A primeira perversidade é anterior às especulações presidenciais, pois deriva directamente deste hábito nacional, sem paralelo no mundo civilizado, de eleger como comentadores televisivos políticos na reserva, na reforma ou apenas numa qualquer travessia do deserto entre dois lugares públicos. Os dados que vou citar são de 2013 e não sei se existem alguns mais recentes, mas nessa altura havia nos vários canais de televisão 69 horas de comentário político por semana, quase dez horas por dia em média – não creio que esse número seja muito diferente hoje. Mas o mais relevante é que dois terços dos comentadores residentes, os com programas semanais, eram políticos – no activo ou de pousio. Mais: um décimo dos deputados também passam regularmente por programas de comentário ou de “debate”, essas espécies de paródia em miniatura da vida parlamentar que muitas televisões gostam de reproduzir em estúdio.

Isto não é, nem nunca foi, jornalismo. É mais preguiça. É mais a procura da facilidade de encontrar sempre nesses comentários um soundbite que dê para reproduzir nos noticiários que vêm a seguir. Não é, ou quase nunca é, um espaço de esclarecimento ou de debate descomprometido, independente de agendas pessoais ou partidárias.
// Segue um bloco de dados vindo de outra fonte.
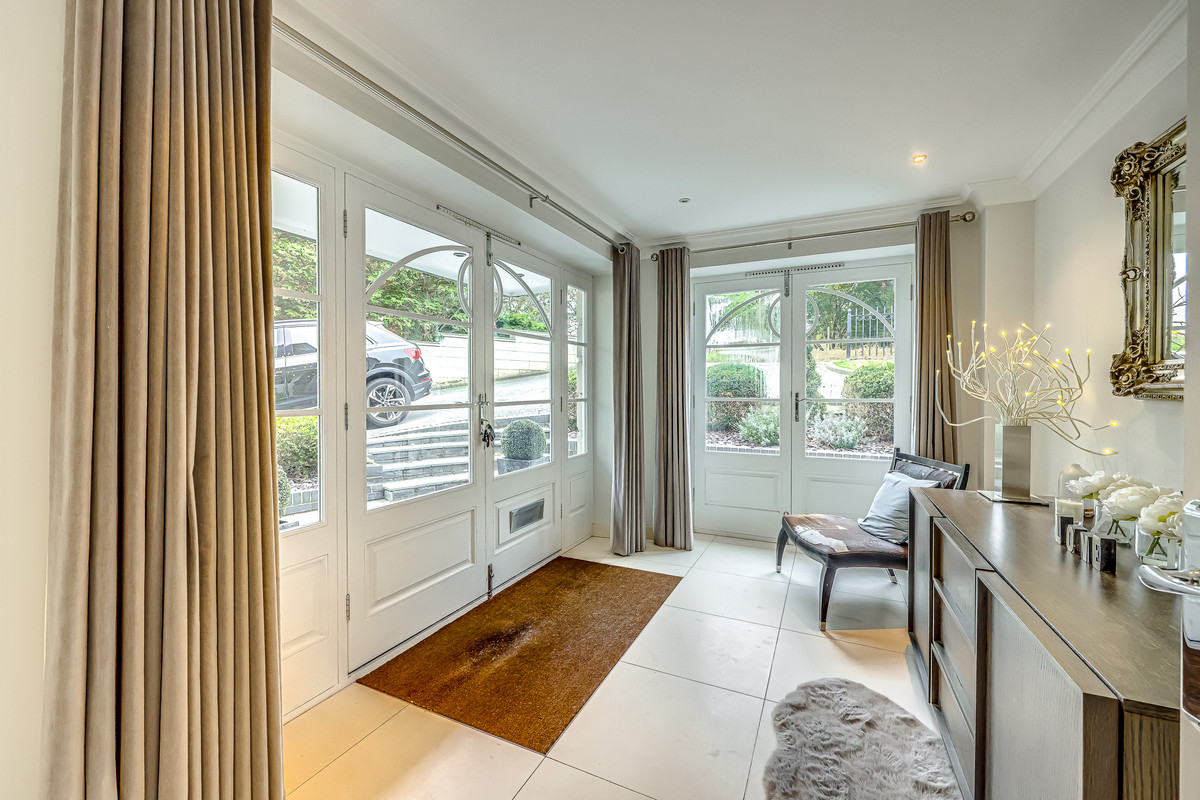 vicarage-hill-benfleet-ss7-3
Mas isto também não é política, ou pelo menos não é política séria. Umas vezes é espectáculo, outras um palco de ambições e vaidades pessoais, nalguns casos apenas uma ocasião para ajustar contas. Raras vezes há ali distanciamento ou independência, quase sempre há apenas o calculismo de quem, tendo sido político, político continua a ser, isto é, alguém que se preocupa mais com a sua popularidade do que com a sua sinceridade.
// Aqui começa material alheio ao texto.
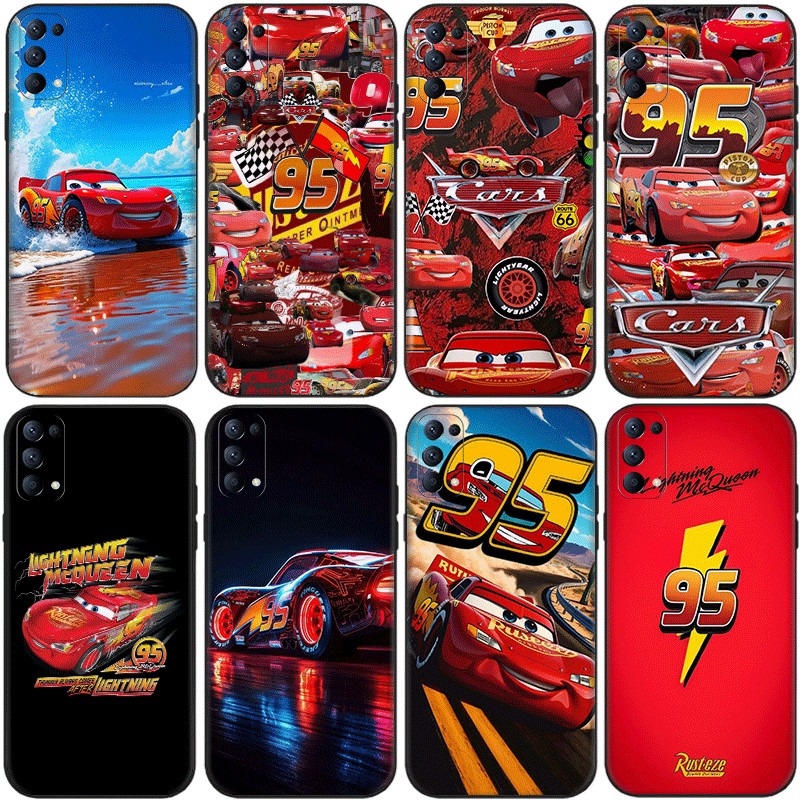 สําหรับ Huawei Y9A Y6 Y5 Y7 Y9 Y6s Prime Pro TPU ซิลิโคนสีดําเคสโทรศัพท์เคสโทรศัพท์ป้องกันกรณี JK6 L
Quando o nosso universo de “presidenciáveis”, sobretudo num momento tão crítico como este, está quase reduzido a este pequeno mundo dos que “existem porque vão à televisão” é porque alguma coisa vai mal. E se sabemos que há sempre uma parte de jogo e encenação (e dissimulação) na preparação de uma candidatura presidencial, a pobreza dos cenários já conhecidos é deprimente. No mínimo.

Nos partidos, compreensivelmente preocupados com as eleições legislativas, qualquer ousadia parece proibida, o tempo é o do mais frio calculismo, uma forma de fazer política que parece estar a conhecer novas e insuspeitas dimensões com o estilo António Costa. O que deixa, infelizmente, espaço disponível para os mais audazes, para não lhes chamar apenas aventureiros, como é o caso de Santana Lopes. Se ele está no palco, com tudo o que sabemos do seu passado político, é porque, mais uma vez, a natureza e a política têm horror ao vazio, e há quem saiba tirar proveito disso.